All the files (data and Matlab scripts) are accessible here.

1 Load Data

load('mat/frf_coh_matrices.mat', 'FRFs', 'COHs', 'freqs');
load('mat/frf_o.mat', 'FRFs_O');

2 Determine the number of modes

2.1 Singular Value Decomposition - Modal Indication Function

The Mode Indicator Functions are usually used on \(n\times p\) FRF matrix where \(n\) is a relatively large number of measurement DOFs and \(p\) is the number of excitation DOFs, typically 3 or 4.

In these methods, the frequency dependent FRF matrix is subjected to a singular value decomposition analysis which thus yields a small number (3 or 4) of singular values, these also being frequency dependent.

These methods are used to determine the number of modes present in a given frequency range, to identify repeated natural frequencies and to pre process the FRF data prior to modal analysis.

From the documentation of the modal software:

The MIF consist of the singular values of the Frequency response function matrix. The number of MIFs equals the number of excitations. By the powerful singular value decomposition, the real signal space is separated from the noise space. Therefore, the MIFs exhibit the modes effectively. A peak in the MIFs plot usually indicate the existence of a structural mode, and two peaks at the same frequency point means the existence of two repeated modes. Moreover, the magnitude of the MIFs implies the strength of the a mode.

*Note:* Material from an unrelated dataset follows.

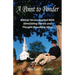 A Point to Ponder: Biblical Verses Applied With Stimulating Stories and Thought-provoking Ideas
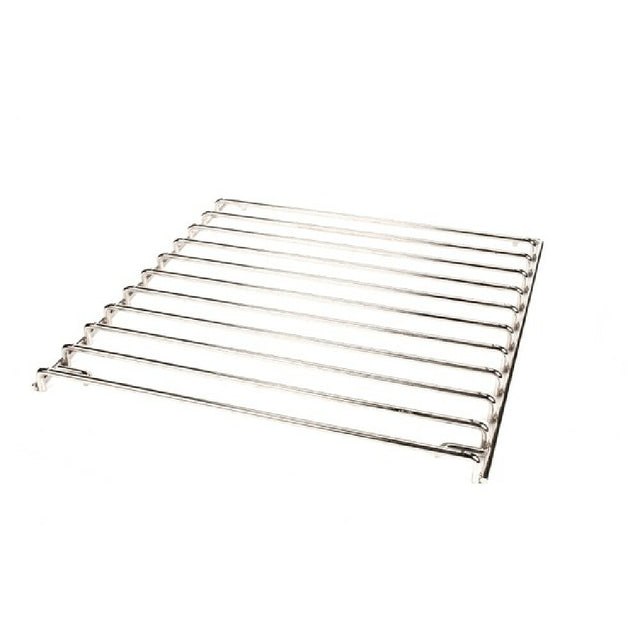 Vulcan Hart 00-959456-00001 Guide Rack Common Vc4 Vc6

The Complex Mode Indicator Function is defined simply by the SVD of the FRF (sub) matrix:

\begin{align*} [H(\omega)]_{n\times p} &= [U(\omega)]_{n\times n} [\Sigma(\omega)]_{n\times p} [V(\omega)]_{p\times p}^H\\ [CMIF(\omega)]_{p\times p} &= [\Sigma(\omega)]_{p\times n}^T [\Sigma(\omega)]_{n\times p} \end{align*}

We compute the Complex Mode Indicator Function. The result is shown on figure 1. The exact same curve is obtained when computed using the OROS software.

MIF = zeros(size(FRFs, 2), size(FRFs, 2), size(FRFs, 3));

for i = 1:length(freqs)
  [~,S,~] = svd(FRFs(:, :, i));
  MIF(:, :, i) = S'*S;
end

Figure 1: Complex Mode Indicator Function

We can also compute the CMIF using the FRF matrix expressed in the same global frame. We compare the two CMIF on figure 2.

They do not indicate the same resonance frequencies, especially around 110Hz.

MIF_O = zeros(size(FRFs_O, 2), size(FRFs_O, 2), size(FRFs_O, 3));
for i = 1:length(freqs)
  [~,S,~] = svd(FRFs_O(:, :, i));
  MIF_O(:, :, i) = S'*S;
end

Figure 2: Complex Mode Indicator Function - Original FRF: solid curves - Processed FRF: dashed curve

2.2 Composite Response Function

An alternative is the Composite Response Function \(HH(\omega)\) defined as the sum of all the measured FRF:

\begin{equation} HH(\omega) = \sum_j\sum_kH_{jk}(\omega) \end{equation}

Instead, we choose here to use the sum of the norms of the measured FRFs:

\begin{equation} HH(\omega) = \sum_j\sum_k \left|H_{jk}(\omega) \right| \end{equation}

The result is shown on figure 3.

figure;
hold on;
plot(freqs, squeeze(sum(sum(abs(FRFs)))), '-k');
plot(freqs, squeeze(sum(sum(abs(FRFs_O)))), '--k');
hold off;
xlabel('Frequency [Hz]'); ylabel('Amplitude');
xlim([1, 200]);

Figure 3: Composite Response Function. Solid curve: computed from the original FRFs. Dashed curve: computed from the FRFs expressed in the global frame.

3 Modal parameter extraction

3.1 OROS - Modal software

Modal identification can be done within the Modal software of OROS. The manual for the software is available here.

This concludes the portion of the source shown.